● **WORK ITEM**
Only an exact copy belongs in the answer: the line with "Baltimore, MD 21230" and every line after it through the end of the records, pictures left out.

Records drawn from a dataset
======

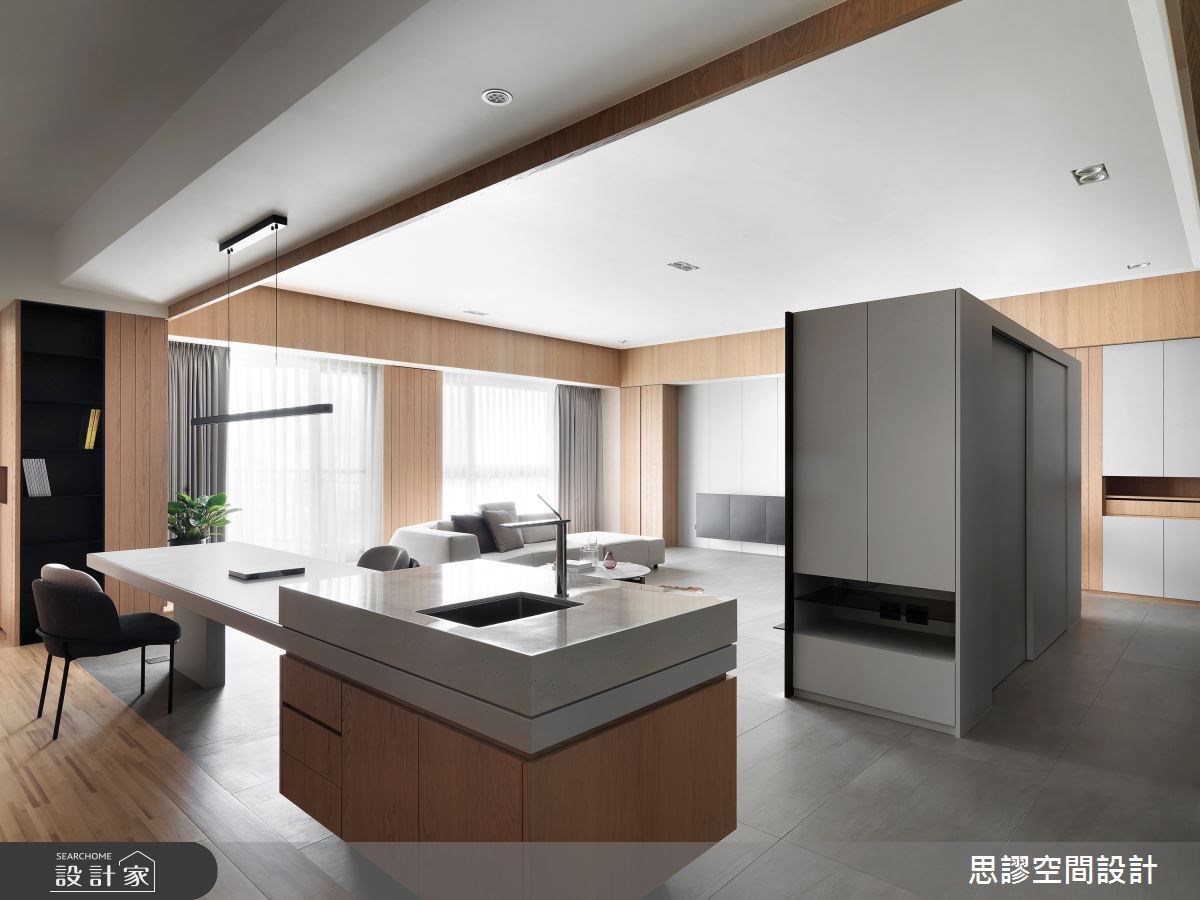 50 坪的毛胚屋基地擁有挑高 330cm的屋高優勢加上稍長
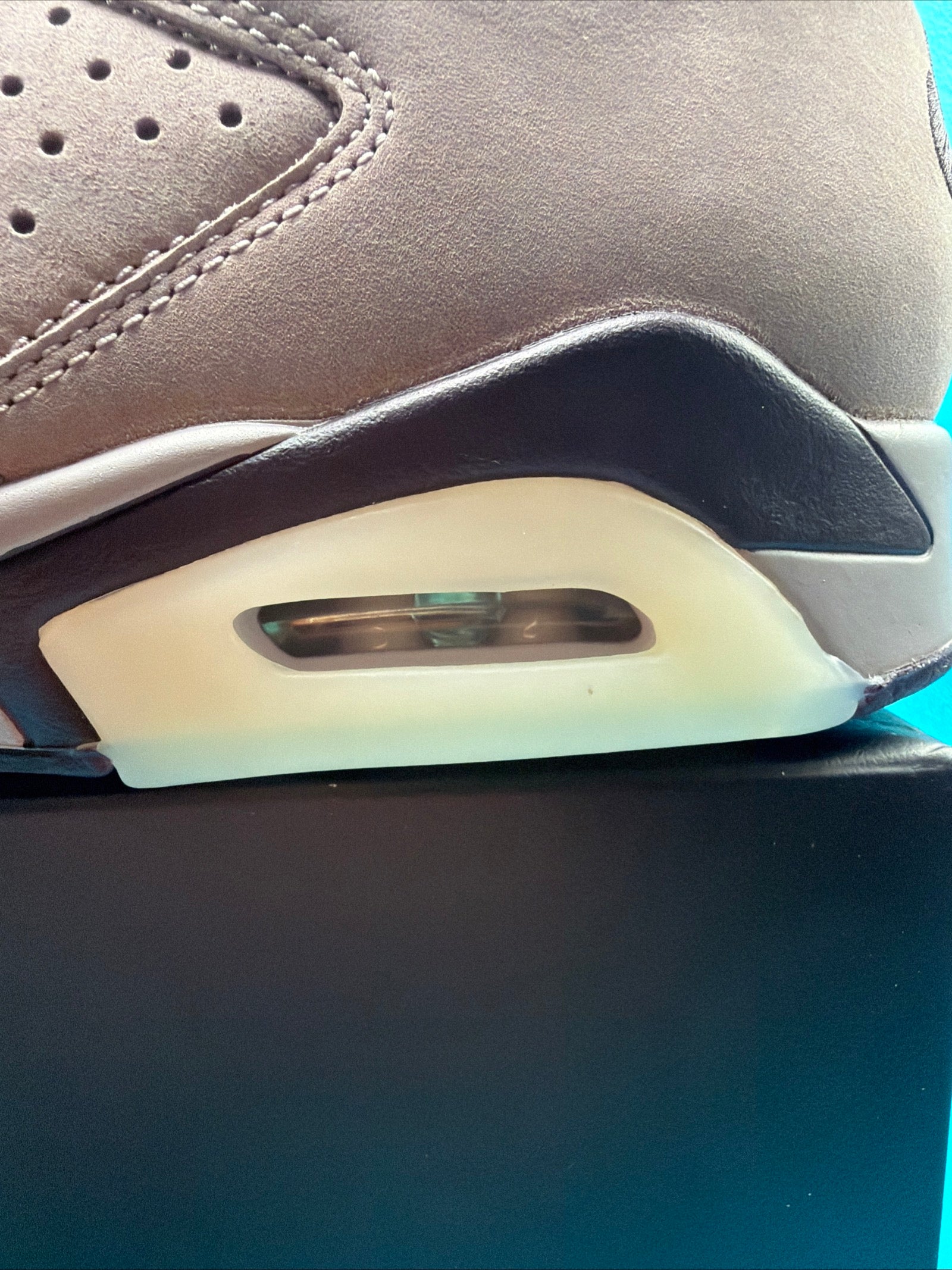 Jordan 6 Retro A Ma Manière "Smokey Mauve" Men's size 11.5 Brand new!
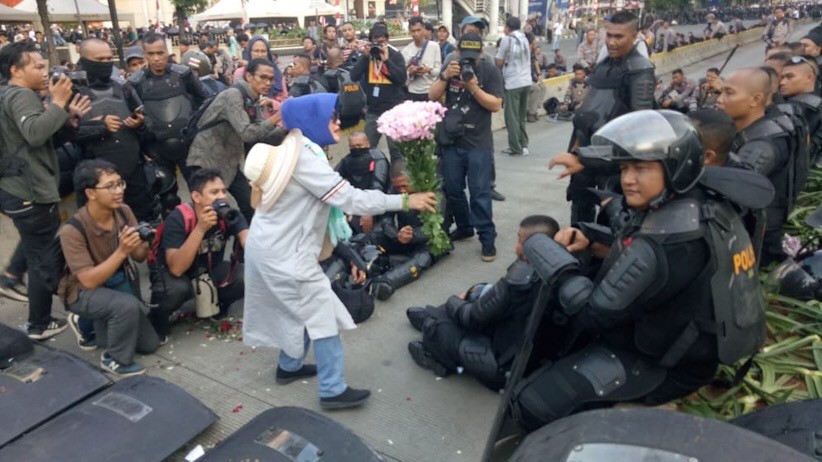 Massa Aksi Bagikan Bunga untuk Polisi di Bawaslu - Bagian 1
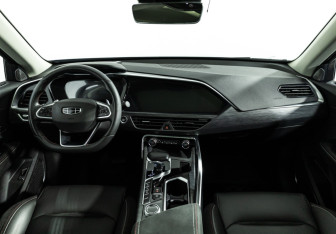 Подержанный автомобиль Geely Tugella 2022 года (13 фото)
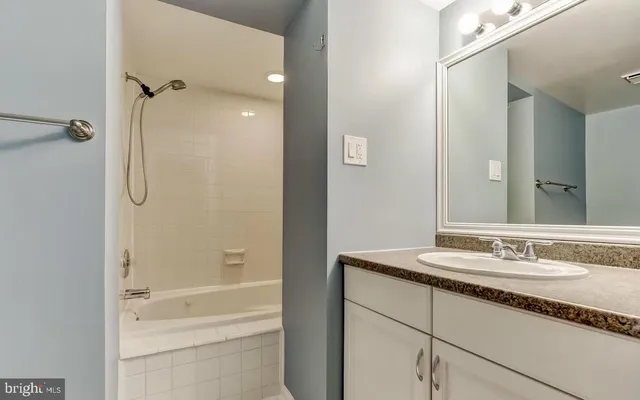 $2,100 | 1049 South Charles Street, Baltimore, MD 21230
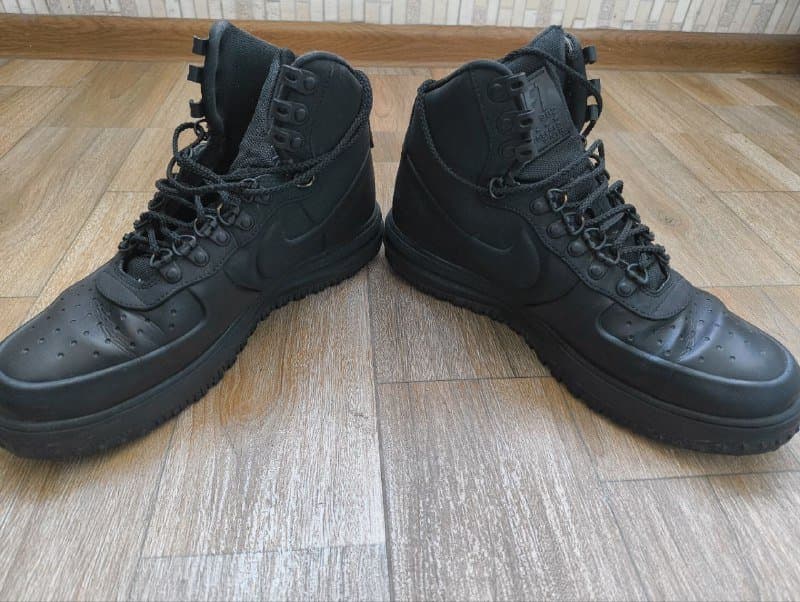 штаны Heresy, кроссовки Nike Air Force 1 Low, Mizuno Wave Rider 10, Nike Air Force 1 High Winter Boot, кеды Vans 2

======

● **RESPONSE BOX**
 $2,100 | 1049 South Charles Street, Baltimore, MD 21230
 штаны Heresy, кроссовки Nike Air Force 1 Low, Mizuno Wave Rider 10, Nike Air Force 1 High Winter Boot, кеды Vans 2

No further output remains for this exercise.